On Thursday, Manhattan District Attorney Alvin Bragg indicted 18 people for allegedly stealing the deed to a residential brownstone at 246 West 131st Street, then using the property as collateral to obtain a mortgage and construction loan totaling more than $1.6 million. The owner died in 2018. The defendants, per Bragg's office, used falsified birth certificates and UCC liens to pose as heirs.
The alleged scheme unfolded in two transactions. In April 2024, defendant Angela Ramos, claiming to be an heir, sold the building to Yuan Kuei “Mike” Li for $950,000. Li then sold it to Great Neck Acquisitions, owned by defendant Abdur Rahman, for roughly $1.5 million.
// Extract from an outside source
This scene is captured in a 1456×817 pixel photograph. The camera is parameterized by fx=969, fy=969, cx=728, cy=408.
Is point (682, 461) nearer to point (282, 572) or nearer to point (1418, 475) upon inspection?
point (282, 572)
Prosecutors said no money actually changed hands in either sale.
With the deed now in Rahman's entity, the group secured a mortgage and construction loan exceeding $1.6 million from an unnamed bank. The district attorney's office declined to name the lender. The indictment charges Ramos, Li, and Rahman with grand larceny, forgery, and conspiracy. They pleaded not guilty in October. Fifteen additional defendants were arraigned this week on related charges.
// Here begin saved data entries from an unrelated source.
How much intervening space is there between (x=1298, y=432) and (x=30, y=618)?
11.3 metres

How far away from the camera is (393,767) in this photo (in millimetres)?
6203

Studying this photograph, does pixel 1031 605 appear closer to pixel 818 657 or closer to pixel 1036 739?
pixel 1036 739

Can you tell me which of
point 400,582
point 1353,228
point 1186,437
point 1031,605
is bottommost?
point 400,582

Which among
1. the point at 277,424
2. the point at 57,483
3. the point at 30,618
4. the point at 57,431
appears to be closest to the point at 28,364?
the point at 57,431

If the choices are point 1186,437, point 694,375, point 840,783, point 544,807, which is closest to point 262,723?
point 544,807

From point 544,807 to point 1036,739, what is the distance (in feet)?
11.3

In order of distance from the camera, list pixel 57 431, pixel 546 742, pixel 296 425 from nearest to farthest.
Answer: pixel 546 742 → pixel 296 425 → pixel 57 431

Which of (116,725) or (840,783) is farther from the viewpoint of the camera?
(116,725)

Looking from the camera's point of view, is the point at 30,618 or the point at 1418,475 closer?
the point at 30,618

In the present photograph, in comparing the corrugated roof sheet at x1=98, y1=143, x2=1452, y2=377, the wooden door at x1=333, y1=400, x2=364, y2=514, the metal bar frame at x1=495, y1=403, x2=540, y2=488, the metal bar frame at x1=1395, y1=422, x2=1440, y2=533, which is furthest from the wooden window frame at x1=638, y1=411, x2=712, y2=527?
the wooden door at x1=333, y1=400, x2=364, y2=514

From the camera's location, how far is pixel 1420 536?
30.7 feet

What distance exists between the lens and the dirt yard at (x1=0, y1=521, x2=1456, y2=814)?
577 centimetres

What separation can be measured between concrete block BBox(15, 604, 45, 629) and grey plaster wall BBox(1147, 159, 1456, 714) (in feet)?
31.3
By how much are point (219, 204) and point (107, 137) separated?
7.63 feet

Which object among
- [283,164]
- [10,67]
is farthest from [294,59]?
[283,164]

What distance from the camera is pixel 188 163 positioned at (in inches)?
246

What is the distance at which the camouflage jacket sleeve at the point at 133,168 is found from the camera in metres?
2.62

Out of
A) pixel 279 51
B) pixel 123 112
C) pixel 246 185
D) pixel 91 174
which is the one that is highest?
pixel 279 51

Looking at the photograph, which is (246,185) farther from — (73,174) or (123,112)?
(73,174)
Bragg described the operation as an ecosystem: “You have people who procure the identities, you have lawyers, you have real estate brokers.” The case is part of a broader national push by law enforcement against mortgage fraud, particularly schemes that inflate property values or originate loans on third-party properties without the owner's knowledge.
Deed theft has become a political flashpoint in New York. Brooklyn Borough President Antonio Reynoso and Council Member Chi Ossé have held prevention workshops. Last month, Mayor Zohran Mamdani launched the Office of Deed Theft Prevention. The typical victim profile is an aging Black homeowner. Bragg noted that scammers had even targeted his own parents' Harlem brownstone while his mother suffered from Alzheimer's.
For capital markets, the indictment raises a specific question: how did a $1.6 million mortgage get originated on a property whose chain of title was built on forged documents? The lender's underwriting process failed to detect that the seller had no legitimate claim to the property. Title insurance, designed to protect against such defects, appears to have been either bypassed or fooled.
The scheme's mechanics are instructive. The defendants did not simply file a fraudulent deed and walk away. They created a paper trail: two arm's-length sales, a corporate buyer, and a construction loan application. That level of fabrication requires coordination among identity thieves, real estate agents, attorneys, and possibly a complicit appraiser. Bragg's indictment alleges exactly that.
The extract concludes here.